__What the task requires__:
With the pictures excluded, reproduce all of the data exactly.

__Provided data__:
================================

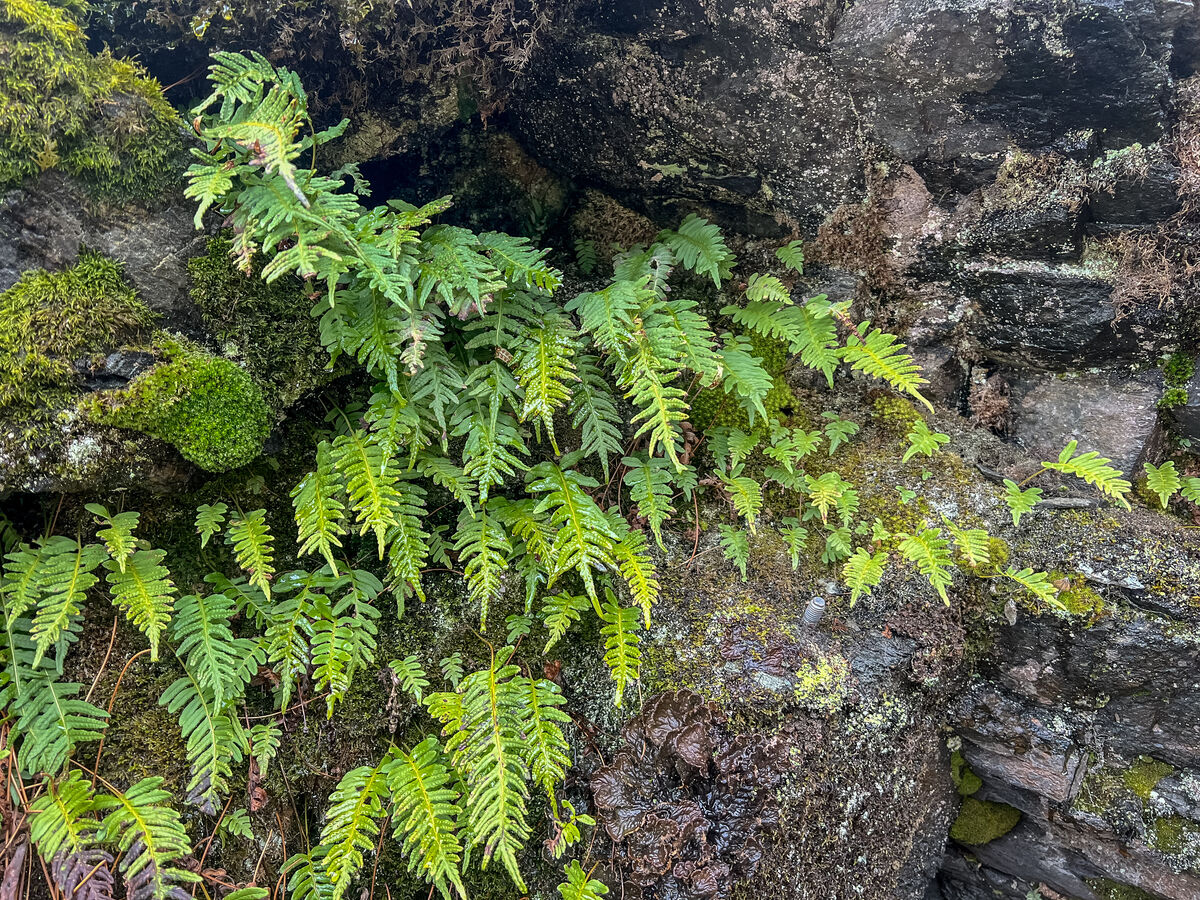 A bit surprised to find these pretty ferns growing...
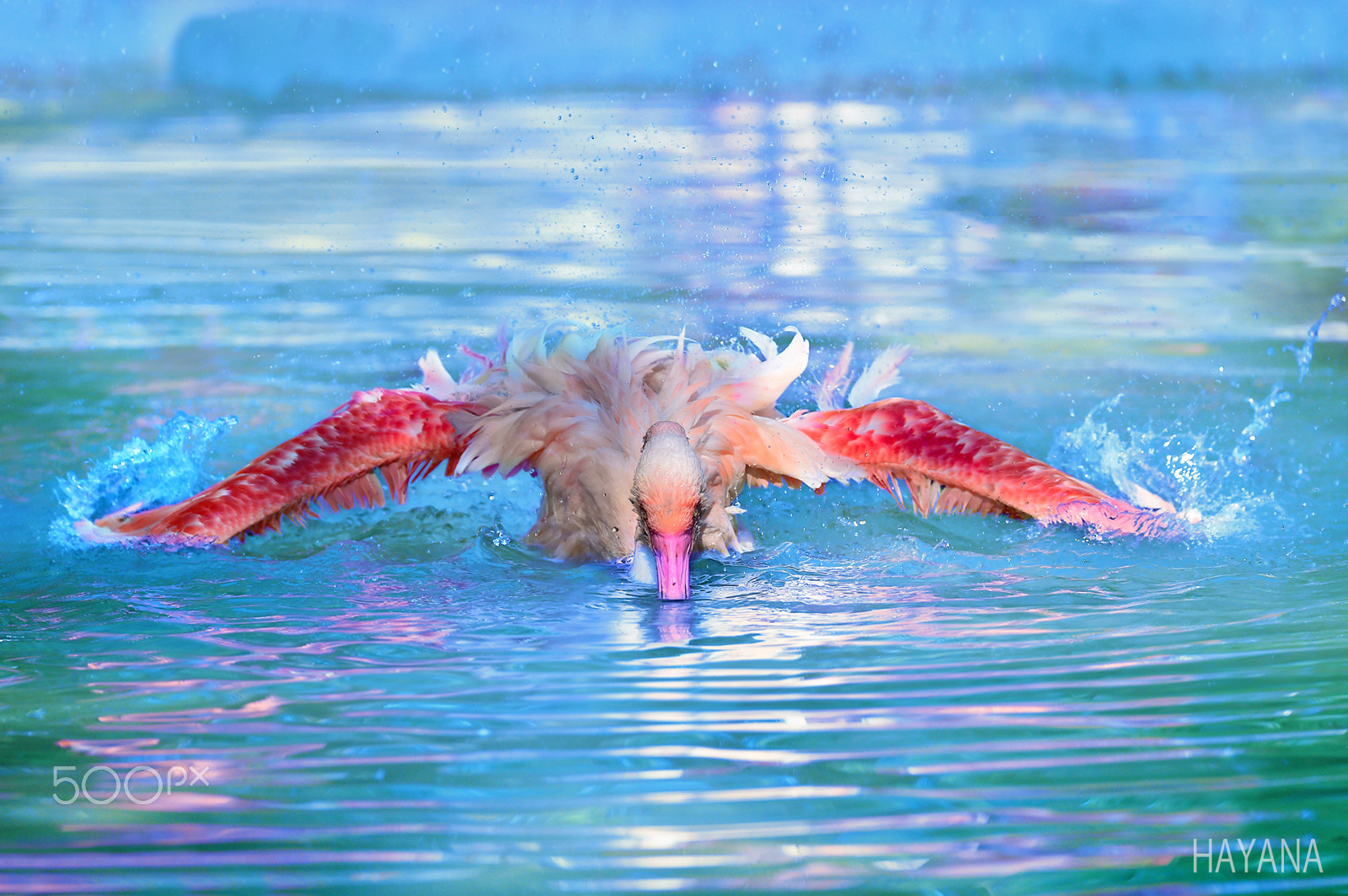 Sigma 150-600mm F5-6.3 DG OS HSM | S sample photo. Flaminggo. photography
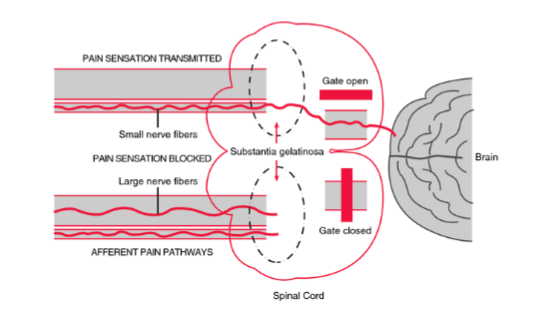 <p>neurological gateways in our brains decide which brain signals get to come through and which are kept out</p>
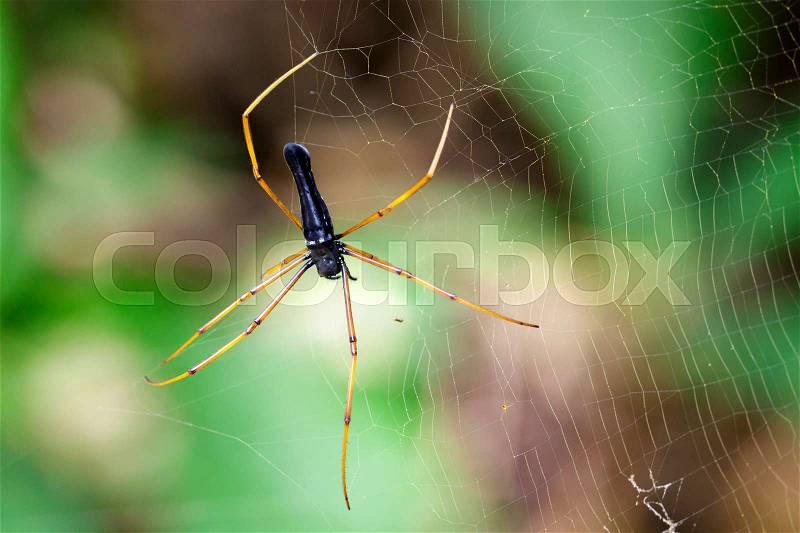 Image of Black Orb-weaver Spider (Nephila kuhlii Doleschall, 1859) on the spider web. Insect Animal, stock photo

================================

__Your solution__:
 A bit surprised to find these pretty ferns growing...
 Sigma 150-600mm F5-6.3 DG OS HSM | S sample photo. Flaminggo. photography
 <p>neurological gateways in our brains decide which brain signals get to come through and which are kept out</p>
 Image of Black Orb-weaver Spider (Nephila kuhlii Doleschall, 1859) on the spider web. Insect Animal, stock photo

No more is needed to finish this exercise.